Hoje é o Dia Internacional das Pessoas com Deficiência. Este grupo social é o mais excluído da sociedade, o que acontece por diversas questões, maioritariamente sociais. Mas acontece também devido a uma gigantesca ausência de condições de acessibilidade e de contacto com as pessoas com deficiência, faltando identificar as nossas necessidades, de forma a trabalhar o espaço público para que este possa ser acessível para as pessoas com deficiência. O Metro Transportes do Sul (MTS) é um dos casos de inacessibilidade invisível. A inacessibilidade é invisível quando a sociedade entende que existe acessibilidade, mas factualmente não existe.
O MTS é um sistema de transportes, com elétricos, baseado num modelo de rede criado em França no fim da década de 1980, e implementado ao longo dos anos 1990. Estrasburgo foi uma das cidades a implementar uma rede em tudo semelhante à de Almada, na qual esta se inspira.

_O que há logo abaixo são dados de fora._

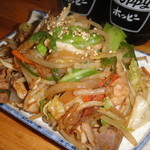 平成大衆酒場　やきとん　じゃんじゃん - 期間限定「豚レバーとモツのじゃんじゃん味噌ダレ炒め」です。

A rede de elétricos de Estrasburgo introduziu diversas características que mudaram radicalmente o conceito de rede de elétricos, para sempre. A sinalização própria, via completamente segregada, elétricos com piso 100% baixo e plano, estações em vez de paragens no meio das ruas, máquinas para vender bilhetes, informação sobre os tempos de espera, entre muitas outras. Uma das características mais relevantes e revolucionárias foi o facto de toda a rede, e respectivos elétricos, ser completamente acessível.

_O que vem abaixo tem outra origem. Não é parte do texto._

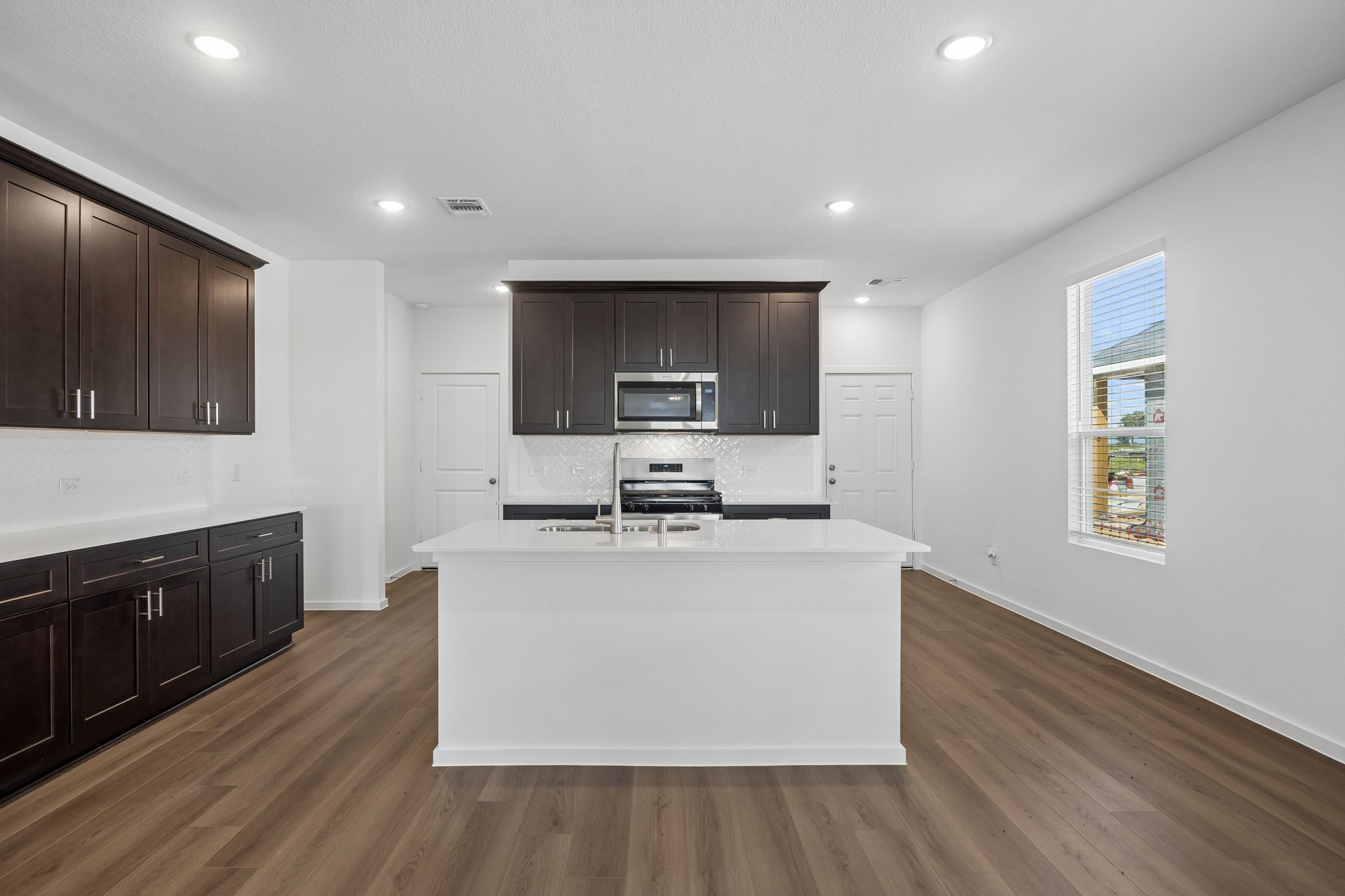 23214 Deanston Drive Property Photo 6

A acessibilidade, em Estrasburgo, tornou-se um eixo central no planeamento e desenho urbano. A rede de eléctricos, com os seus famosos Eurotram e todos os sucessores, oferece um nível de acessibilidade que passou a ser o standard em todo o mundo, tal foi o patamar de qualidade que foi estabelecido. O MTS copiou muita coisa de Estrasburgo, mas não a acessibilidade.
Os elétricos do MTS têm lugar no interior para pessoas em cadeira de rodas, mas na realidade não têm condições de acesso a todas as pessoas em cadeira de rodas. A altura entre as plataformas das estações e os elétricos é bastante superior ao que é recomendável para uma rede deste tipo, sendo que é possível não haver desnível entre ambos, como acontece em Estrasburgo desde 1994. Até mesmo a variação de altura entre as várias estações é interessante de analisar, ao não encontrarmos uma coerência nesta variação.
Aquando da inauguração da estação terminal de Cacilhas, foi prometido que o problema seria analisado e resolvido. Passados 15 anos, o problema não foi resolvido. A rede do MTS continua a ser inacessível a muitas pessoas, aumentando a dificuldade que se sente noutras infraestruturas e transportes da cidade, como as ruas inacessíveis, carros estacionados em cima dos passeios e autocarros que até recentemente eram inacessíveis porque a empresa não queria comprar veículos novos.
O Metro do Porto, que também é baseado na rede de elétricos de Estrasburgo, e também é uma rede de elétricos, tem vindo a piorar as suas condições de acessibilidade. Os primeiros elétricos, os Eurotram (versão na sequência dos de Estrasburgo) são completamente acessíveis e ao nível das plataformas das estações, mas os dois modelos comprados a seguir já não estão ao nível, apesar de ainda se conseguirem usar. O MTS, não tendo elétricos novos, mantém um problema estrutural de origem, possível de resolver.
Almada tem uma importância estratégica na Área Metropolitana de Lisboa que só pode ser alcançada com a garantia da acessibilidade a todas as pessoas, incluindo as pessoas com deficiência, que frequentemente são esquecidas e consideradas menos importantes que as restantes. A acessibilidade do MTS torna-se fulcral para garantir que se atinge esta importância estratégica, sendo que não é nada que nunca tenha sido feito anteriormente, nem é nada impossível de resolver correntemente.
Neste Dia Internacional das Pessoas com Deficiência, devemos deixar as intenções e avançar para a prática de activamente incluir as pessoas numa sociedade que só funciona se for diversa e aberta.